Historian Linda Colley's article in the New York Times in September 2022 suggested ‘the queen’s death and the accession of a less popular Charles III will contribute to increased levels of turmoil and lead to unstoppable pressure for radical constitutional change, even a new British constitution’

Cambridge University's  Center for Public Law  carried out a research project the 'Constitutional Law Matters project' with the aim being to evaluate whether the UK constitution is still working. The the project concluded that Boris Johnson’s tenure in Number 10 and  post-Brexit political activity in general, saw a decline in the parliamentary procedures that support effective levels of scrutiny. It cites the Elections Bill that sought to ‘bring the Electoral Commission’s strategy and policy under government control’ in a bid to ‘reduce the Commission’s independence and increasing the government’s influence and power over the election process’.

These changes have given rise to the view that the UK’s traditional constitutional strengths of flexibility and a lack of codified rigidity are hampering the effective and successful functioning of the state and increased calls for constitutional settlement for the United Kingdom i.e. Codify the Constitution.


It would still be possible to amend the constitution but through a careful and considered process and only when there is general agreement.

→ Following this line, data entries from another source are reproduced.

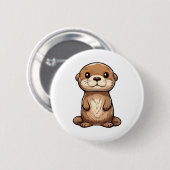 Cartoon otter illustratie ronde button 5,7 cm (Voorkant /achterkant)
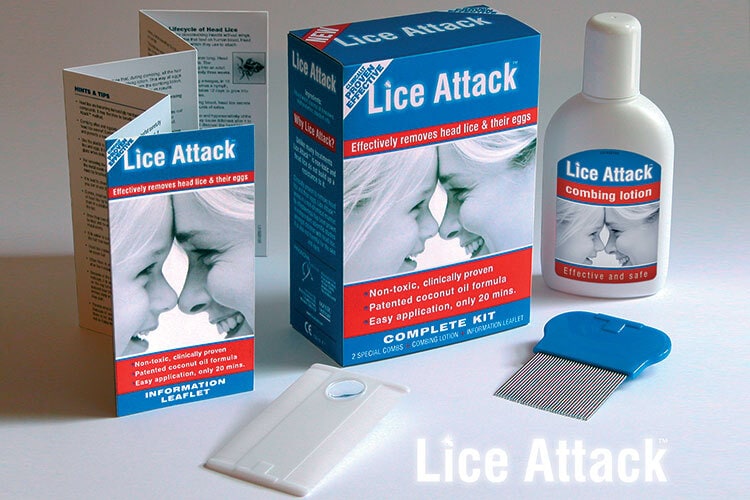 Lice Attack box, labels and leaflet design for Manx Healthcare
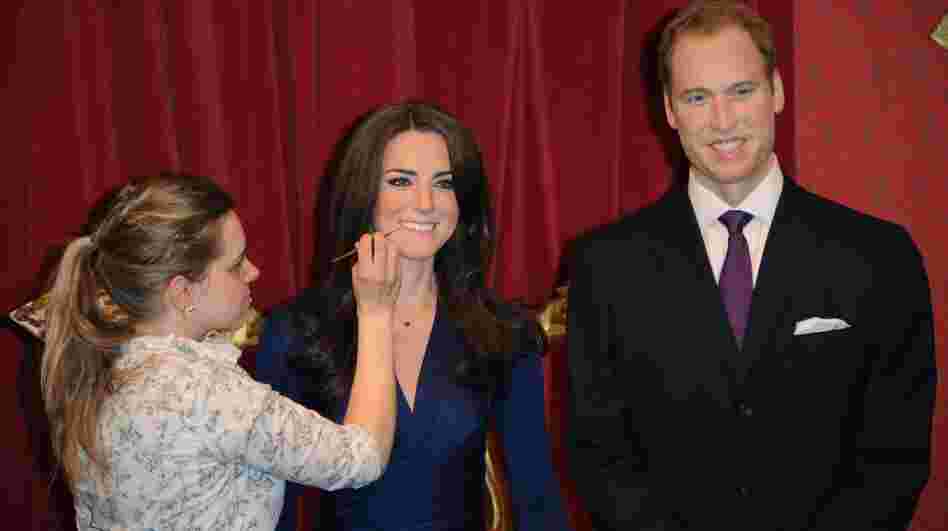 New wax figures of Prince William, Duke of Cambridge and Catherine, Duchess of Cambridge are worked on at Madame Tussauds in London, England. They're being revealed today.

Codification would educate the public about their rights, responsibilities, and duties as well as encouraging a greater understanding of politics and political processes.

An entrenched Bill of Rights would provide stronger protection for individual liberties than the current Human Rights Act- for example, increased police powers and control orders show how easy our liberties can be threatened.

Codification would mean greater clarity about the rights of citizens and the powers of government — for example clearing up the uncertainty arising from conventions governing the power of the PM, the

circumstances in which ministers should resign and what happens in the event of a 'hung parliament' with no clear election winner.

A constitutional court — as in Germany and the USA — staffed by senior judges with expert knowledge, would be able to assess the constitutionality of actions by Parliament and the executive, judging their behaviour by a clear set of rules. This would increase the legitimacy of the political process.


This would put an unjustified degree of power in the hands of unelected, unaccountable judges who may be out of touch with public opinion. A codified constitution would be a direct challenge to parliamentary sovereignty, on which the UK system of government has been founded because it would bind future parliaments.

Much of the historic constitution is written, with acts of Parliament and works of authority providing clear guidance. Few codified constitutions are self-explanatory and (as in the USA) they require extensive interpretation.

A strong executive can act decisively in times of emergency- such as a terrorist threat. They can also respond quickly to changing circumstances.

An uncodified constitution is more flexible and can be modernized or reformed more easily, for example, the reforms to the UK constitution after 1997 such as devolution.

There is almost no public demand for codification and it may well be too difficult since there is no political agreement about what a codified constitution or Bill of Right should look like.